The fact that so many Americans would vote for a narcissistic lying con man who spewed nothing but hate rocked my world. Perhaps it is overkill to call it trauma. But it shook me to my core and became the lens through which I viewed the next six years. This once optimistic, hopeful person became deeply cynical about the future of this country. I became dour and frightened.

While some of those reactions are still warranted, I feel like the 2022 election helped me turn the corner. For just one example, voters in Arizona not only rejected the narcissistic lying con woman Kari Lake. They also passed a referendum allowing undocumented immigrants to pay in-state tuition at local colleges and universities. One of the real border states didn't buy into the GOP's fear mongering about immigrants. 

Some of the healing I began to experience came with seeing Barack Obama on the campaign trail during the last days of this election. Take a look at what he said about Tudor Dixon, the Republican running against Governor Gretchen Whitmer.

He did something similar while talking about Herschel Walker in Georgia.
That is vintage Obama. I was reminded of "Romnesia" in the final days of the 2012 election.

 

Less noticed was what he did to Sharon Angle in the 2010 election.

   

Watching Obama in those last few days before the 2022 election reminded me how I'd lost the ability to point and laugh at GOP absurdities. Trump's presidency made these extremists more scary than ridiculous. Obama had me laughing again.

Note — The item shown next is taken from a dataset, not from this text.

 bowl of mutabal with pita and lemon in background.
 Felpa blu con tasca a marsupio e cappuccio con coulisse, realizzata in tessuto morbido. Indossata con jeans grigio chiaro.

As the results of the midterms started coming in, it also became clear that, under the leadership of Donald Trump, Republicans have lost the last three elections. Sure...they weren't all resounding defeats. But we're not likely to see any of those in the foreseeable future. Instead, we're in a period where small, incremental steps are the most likely pathway to change. 

Let me be clear: the threat to our democracy is still alive and well. The fear of that is not gone. But I'm not going to let the trauma of 2016 color my vision going forward. To paraphrase Cory Booker, "I'm done with letting these extremists steal my joy."

1 comment:

  1. I also became very cynical and angry after the 2016 election. It was a shock to have Trump as president but even more shocking at how far the authoritarian rabbit hole he dragged the country and ultimately how very close we came to a quasi-fascistic post democracy. Not that we're out of the woods but like you this election has helped alleviate those thoughts some for me. There's always a roughly 28% of the country chomping at the bit to give up democracy for authoritarianism. Maybe we'll shift to a more moderate political climate but I no longer feel secure that it will last. I can imagine a craven fevered ego right wing populist with enough intelligence in ways Trump was not, taking this country over the line. It's very difficult to know how to think about possible futures that are anything but challenging but maybe that's more honest than the denialism of neoliberal/conservative politics of the post war era.